Ever wondered about what the strongest currencies are? In this post we give you a rundown of the world’s five highest-valued currencies today, along with some reasons for how they got that way.
5. British Pound Sterling
Born around 775 AD, the pound today is over 1,200 years old, making it the oldest currency in the world. The term sterling referred to the silver pennies that marked the currency of the day: 240 pennies equaling one pound in weight. Up until 1717, when gold was adopted in its stead, silver was the commodity against which the pound was valued, and much like the empire in which it served, sterling reigned supreme. Only after two world wars and the economic slump of the 1930s, did it enter into decline, eventually being surpassed by the U.S. dollar as the international reserve currency of choice. In 1976, sterling fell below the value of two American dollars for the first time, and while it has seen its ups and downs since then, this is the approximate rate that most of us have come to know. Indeed, in spite of its fall from the top and long years of turmoil, the pound today remains among the strongest currencies in the world, sitting in fifth place on our list.
4. Jordanian Dinar
The history of the dinar, especially in contrast with the pound, is rather short. Jordan only became an independent kingdom in 1946, and it would be another few years before a national currency became instituted and introduced, in 1949 and 1950 respectively. Still, notwithstanding its late conception, the Jordanian dinar has done quite well during its short existence. In 1995 Jordan pegged its currency to the SDR; a reserve asset issued by the IMF which, for most of the past 20 years, has been virtually akin to the USD. Since then, the dinar has remained stable. While this monetary policy has not been without its disadvantages, it has been effective in encouraging foreign investment and reinforcing public confidence; and it is the primary reason for why the Jordanian dinar ranks so strongly today, sitting in fourth place on our list.
3. Omani Rial
The Omani rial has existed for an even shorter period than the Jordanian dinar. Although coins and currencies had circulated in the Gulf region for quite some time, it was not until 1970, when the modern-day Sultanate of Oman was established under Qaboos bin Said al-Said, that the rial was instituted in earnest. Even then, it existed until 1973 as the rial Saidi before it assumed its contemporary title of rial Omani. Oman has proven to be a bastion of stability and peace and has avoided the chaos that has engulfed some of its neighbours.
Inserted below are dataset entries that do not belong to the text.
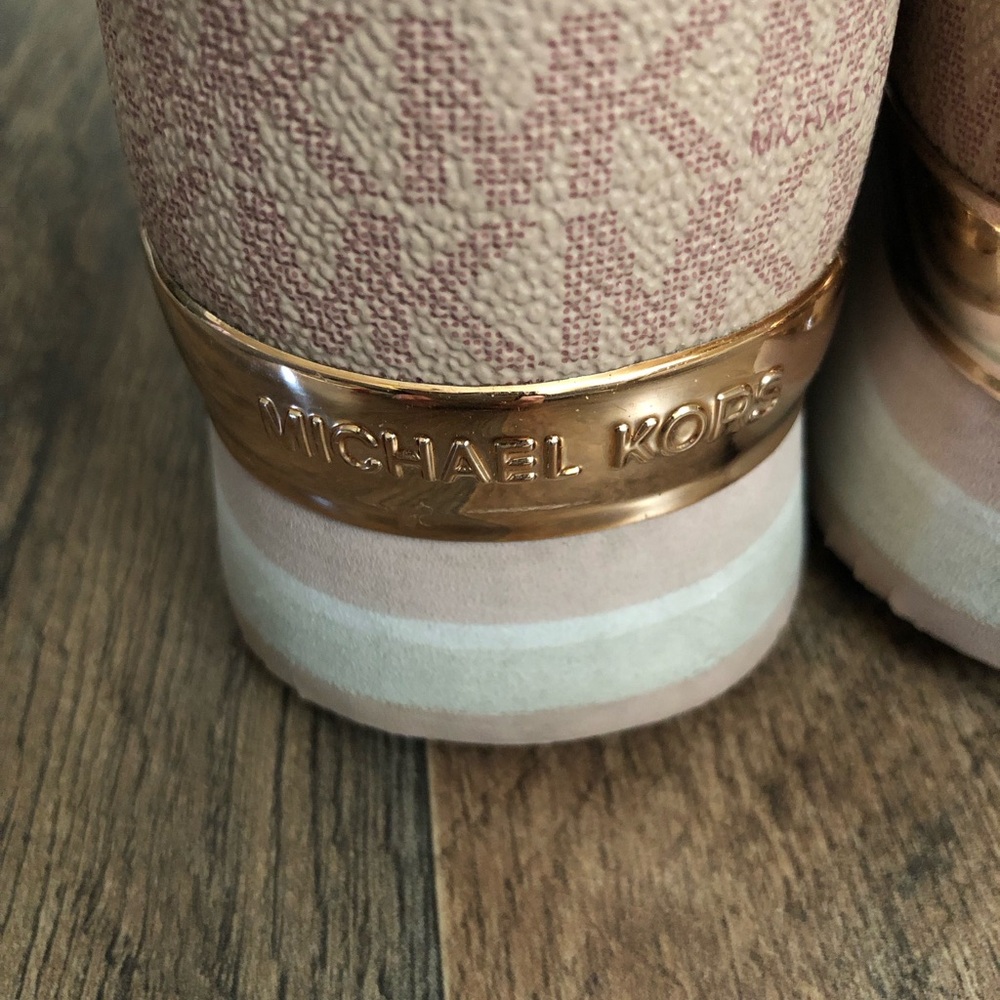 Michael Kors Pink and Gold Maddy Two-tone Logo Women's Sneakers Size 7M - Picture 5 of 9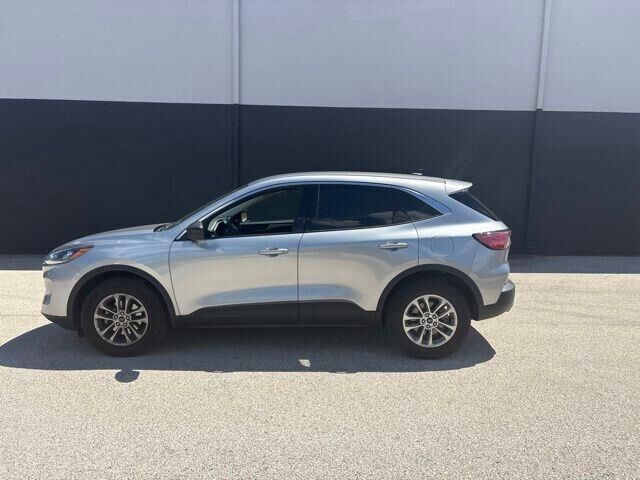 2022 Ford Escape SE — photo 1 of 39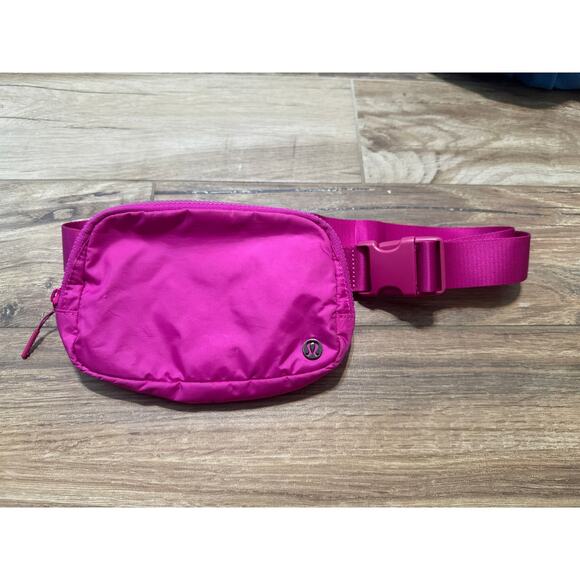 Lululemon Belt Bag Magenta - Picture 1 of 3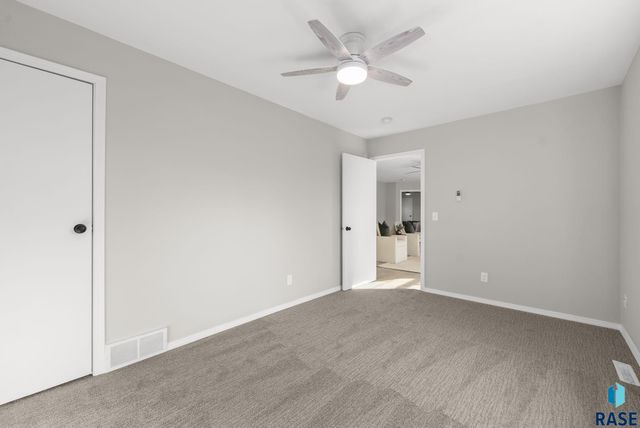 406 N Cherry St Street, Lennox, SD 57039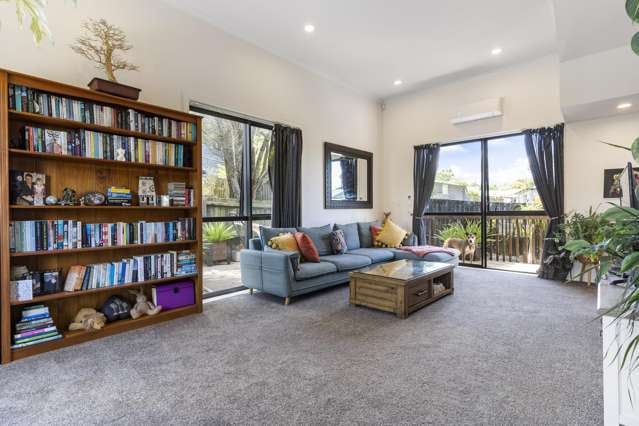 8/2 Swan Hill Drive Glen Eden_1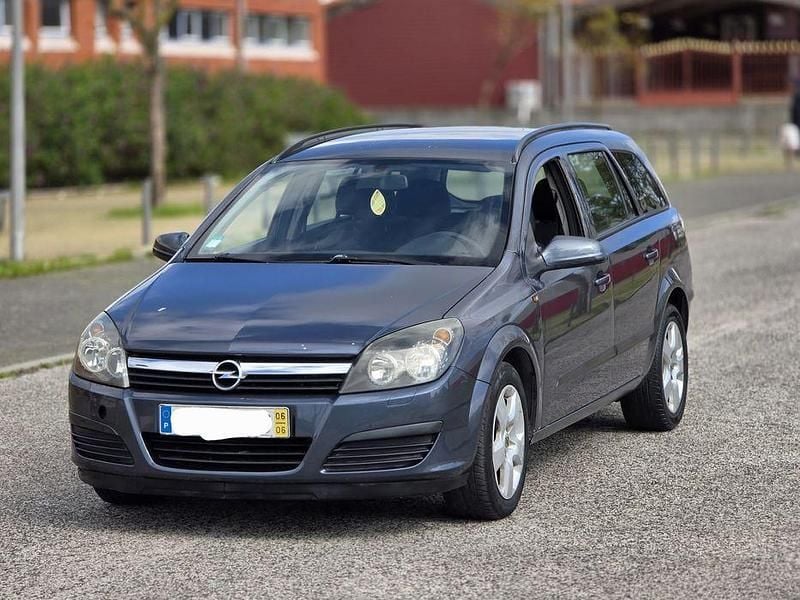 Usado Opel Astra 90 HP (66 kW) 2006 Sedan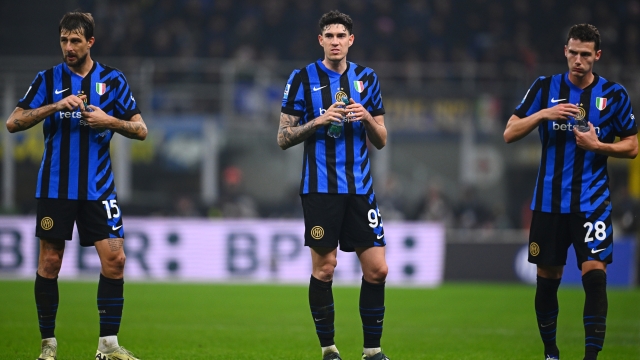 MILAN, ITALY - NOVEMBER 10: Francesco Acerbi, Alessandro Bastoni and Benjamin Pavard of FC Internazionale, in action, look on during the Serie A match between FC Internazionale and Napoli at Stadio Giuseppe Meazza on November 10, 2024 in Milan, Italy. (Photo by Mattia Ozbot - Inter/Inter via Getty Images)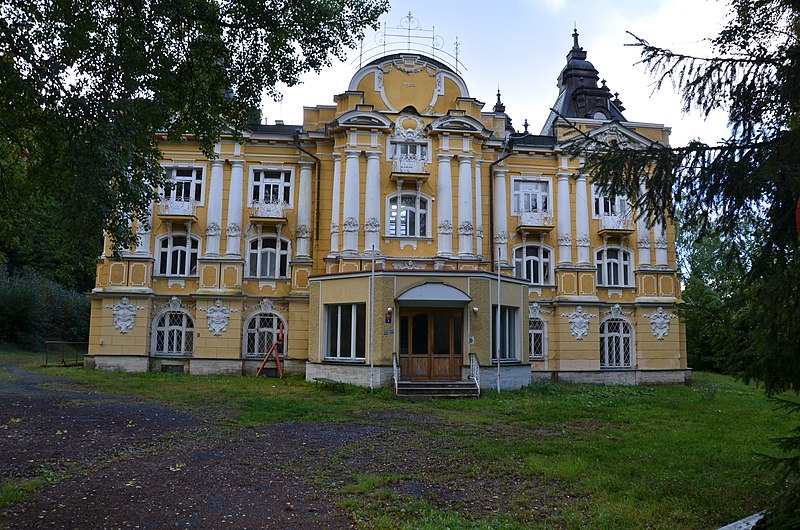 File:Miramonte - bývalá dětská léčebna.JPG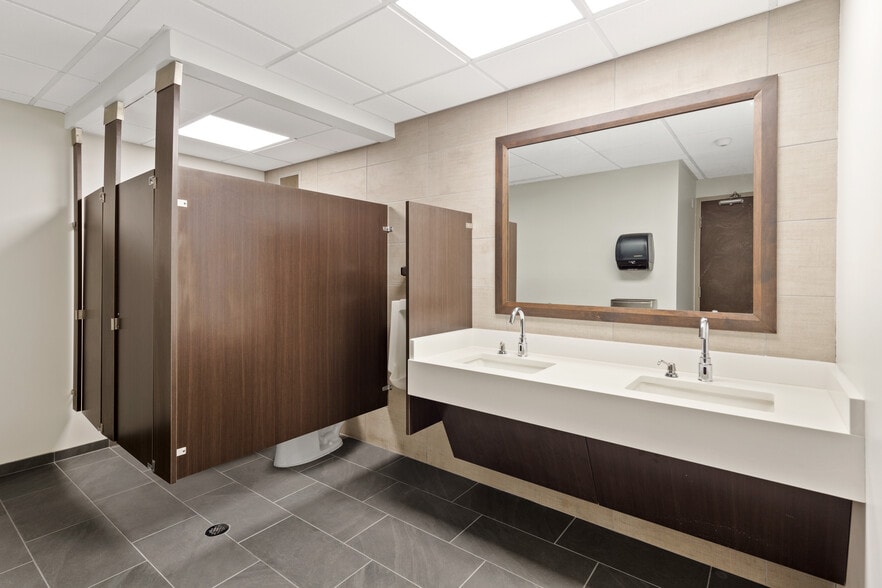 More Photos Of 6263 Poplar Ave, Memphis Office For Lease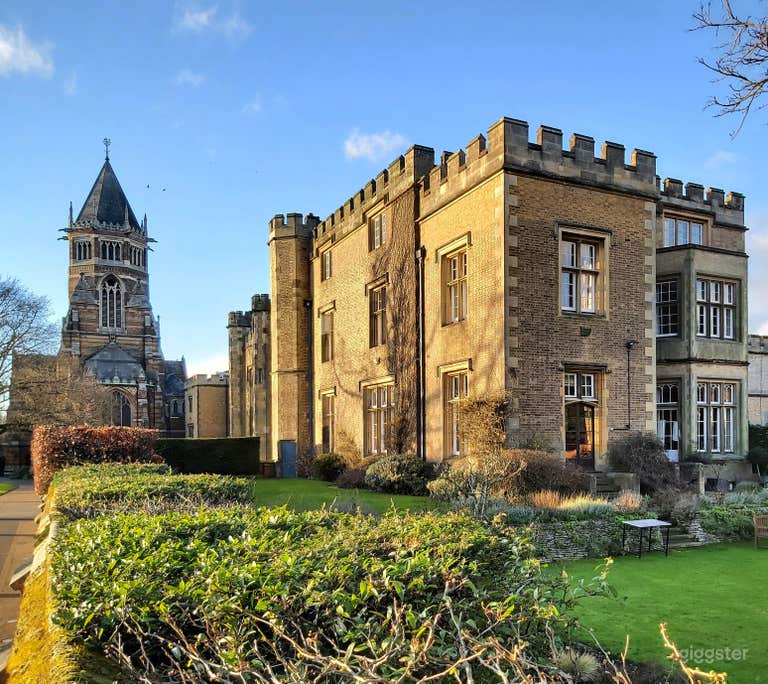  School Campus Grounds 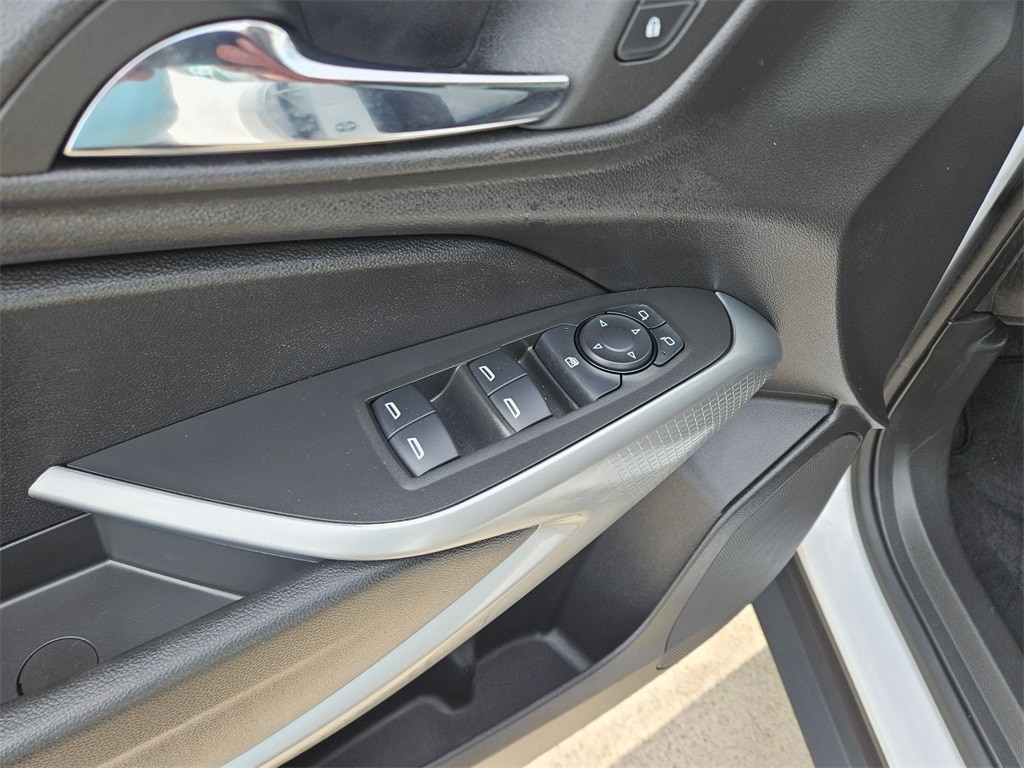 Thumbnail: 2025 Chevrolet Trax - 15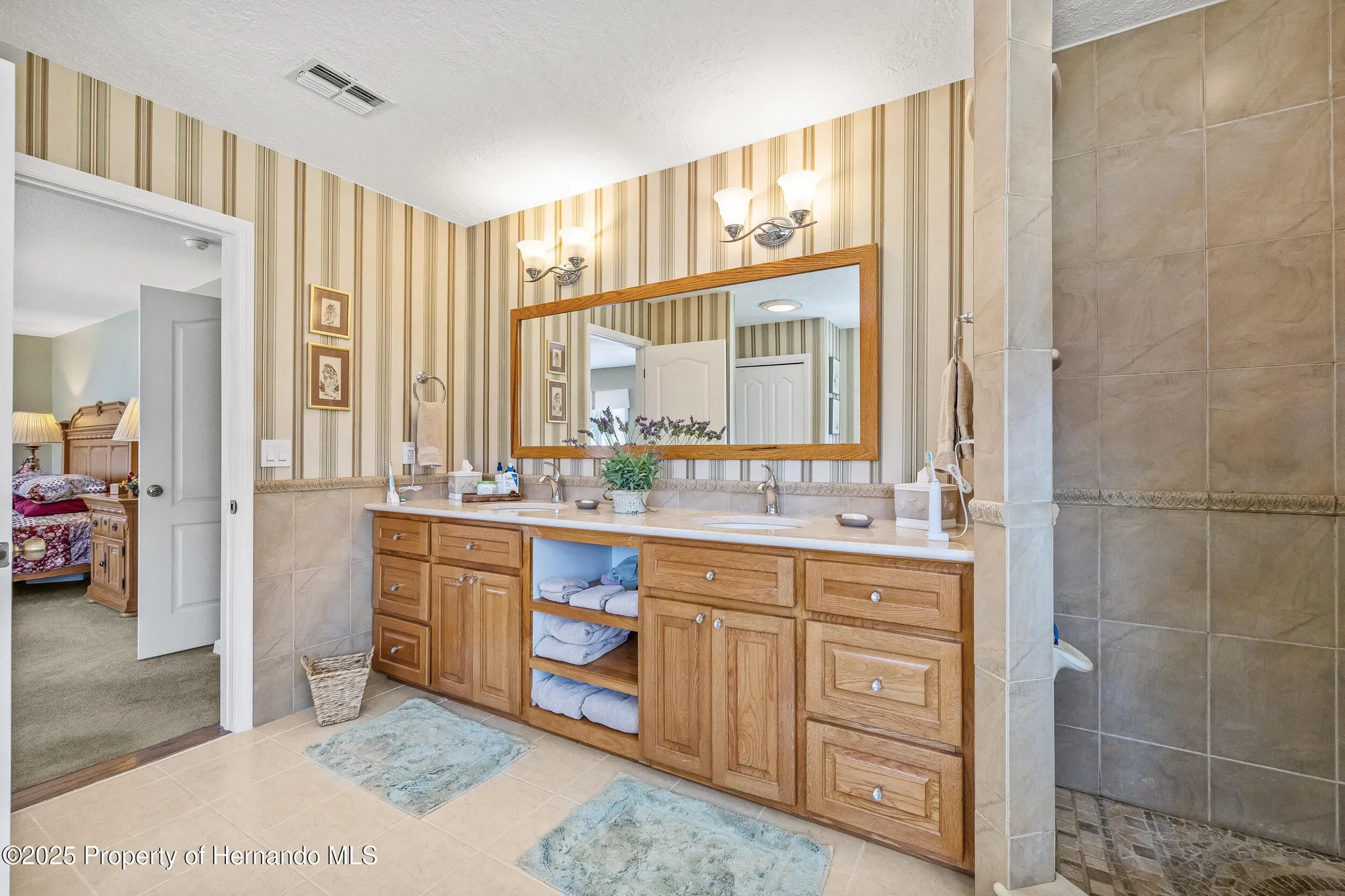 Property Slideshow image 42 of 72 | 5198 legend hills ln, Brooksville, FL, 34609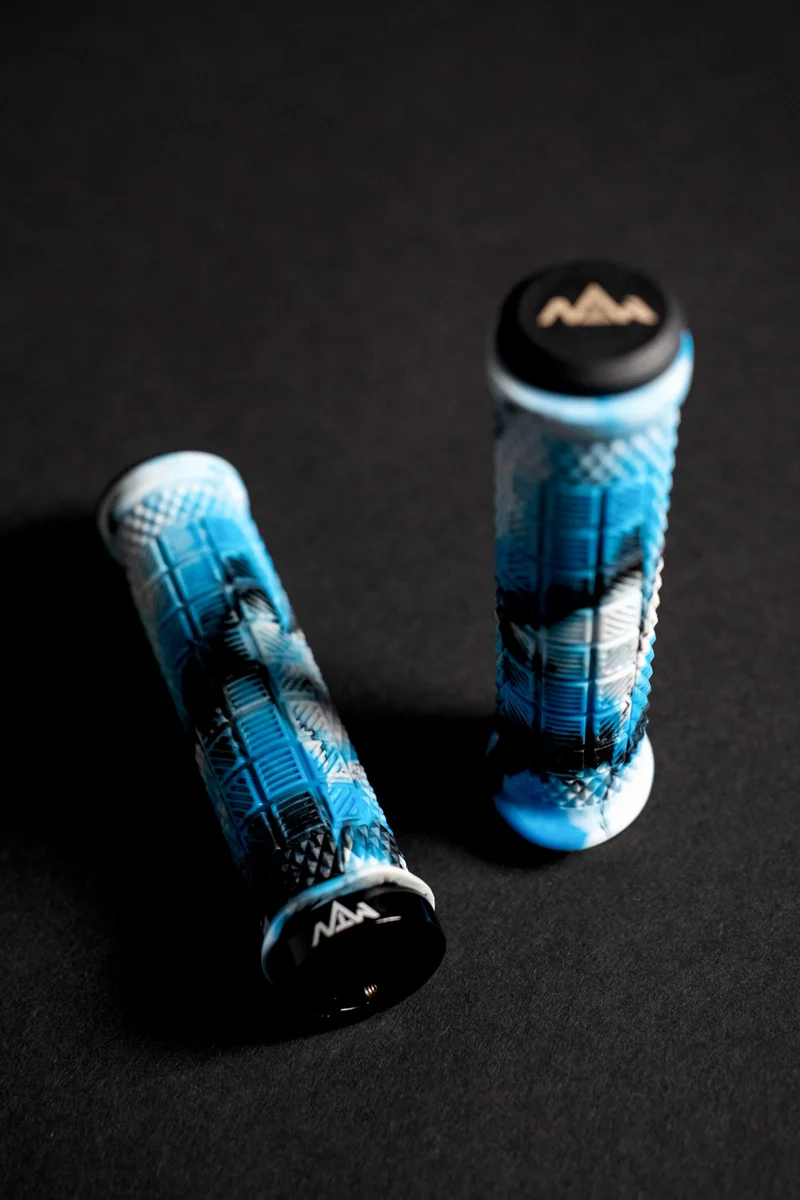 MTN Components Griffe Blau Camo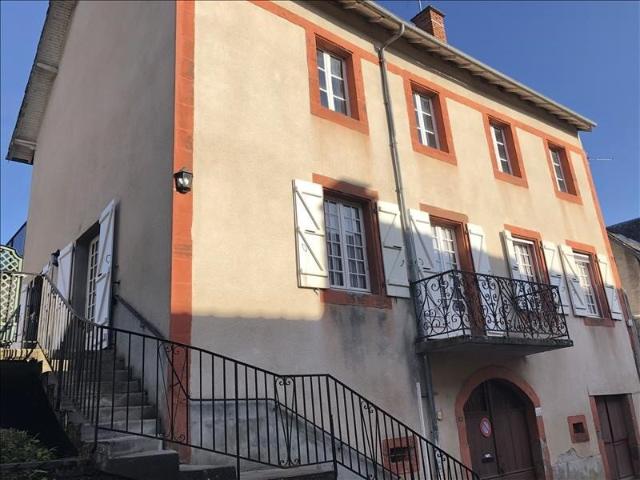 Maison en pierre de 5 pièces principales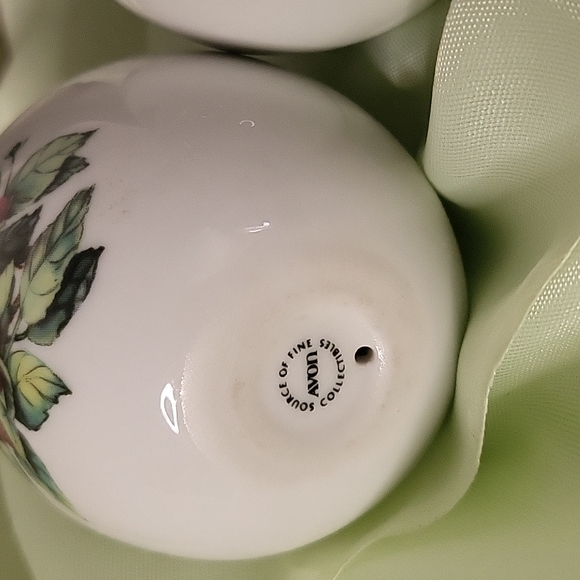 2 Avon porcelain eggs, Spring & Summer birds, vintage Four Seasons collection - Picture 8 of 8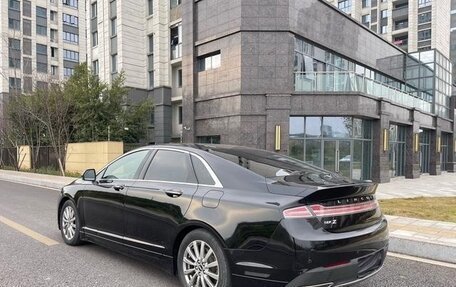 Lincoln MKZ II рестайлинг, 2020 год, 2 600 000 рублей, 3 фотография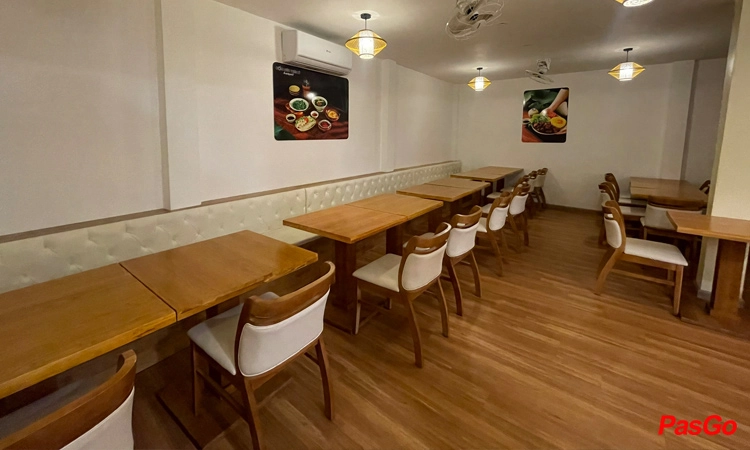 Nhà hàng Cơm Niêu Thiên Lý Lê Văn Duyệt 11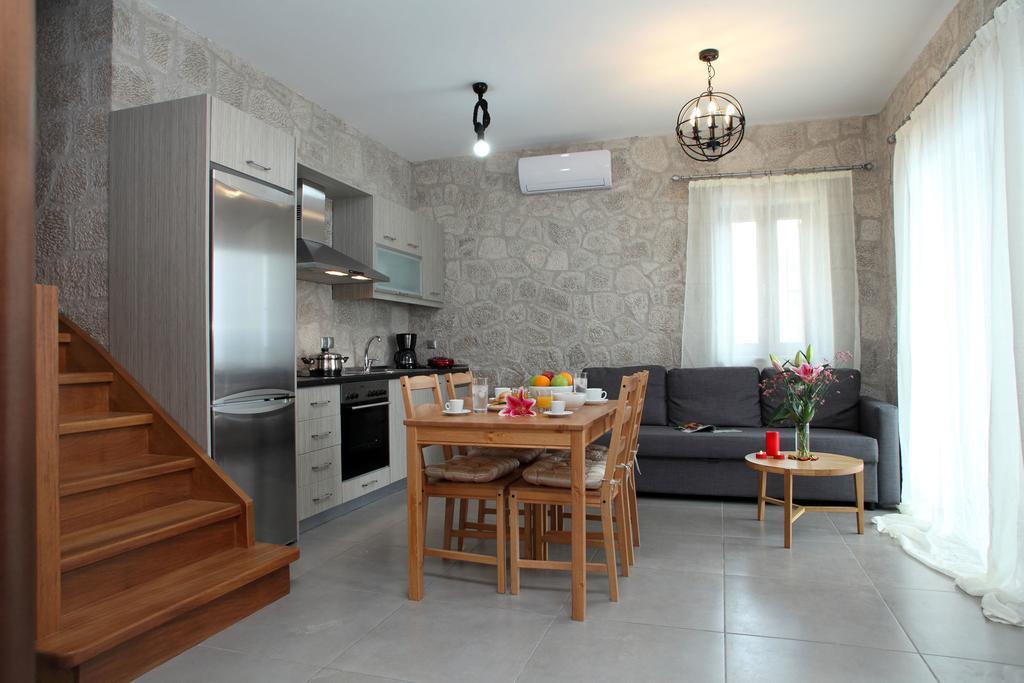Milos Paradise Luxury * Agios Nikitas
Possessing modest oil reserves, Oman has also developed a healthy tourism industry. These, and a trade in fish and dates, have provided it with a more diverse economy than some other Gulf states. Still, it is likely the fact that the rial has been pegged to the U.S. dollar from its inception in 1973 (although the rate was devalued slightly in 1986) that has enabled it to remain so strong and stable. Today it sits at number three on our list.
2. Bahraini Dinar
The Bahraini dinar was introduced in 1965, while Bahrain was still a protectorate of Britain. Following the trend of the majority on this list, Bahrain has also pegged its currency to the IMF’s SDR (Special Drawing Rights; refer to the Jordanian dinar*), doing so in December of 1980. Despite strong oil exports and some attempts to diversify its economy, like many desert states, Bahrain by necessity is a net importer, having need to bring in even essential commodities like water. Maintaining a strong currency is crucial to sustaining purchasing power, and Bahrain has been successful in this, as evidenced by its ranking at number two on our list.
1. Kuwaiti Dinar
At number 1 on our list, the Kuwaiti dinar reigns as the strongest currency in the world. The dinar was first introduced in 1961, the same year Kuwait gained independence from Britain. During the Iraqi invasion in 1990, Kuwait’s currency was replaced by the Iraqi dinar, and large quantities of coins and banknotes were stolen by the invaders. After liberation in 1991, the Kuwaiti dinar was restored and a new series of bank notes was issued, thereby demonetizing the old series of notes, along with what had been stolen. In March 1975, the dinar was pegged to a weighted currency basket (the currencies contained in said basket remain undisclosed). This was the case until January 2003, when the dinar became pegged to the U.S. dollar. However, from June 2007 the dinar was re-pegged to a currency basket and remains so to this day.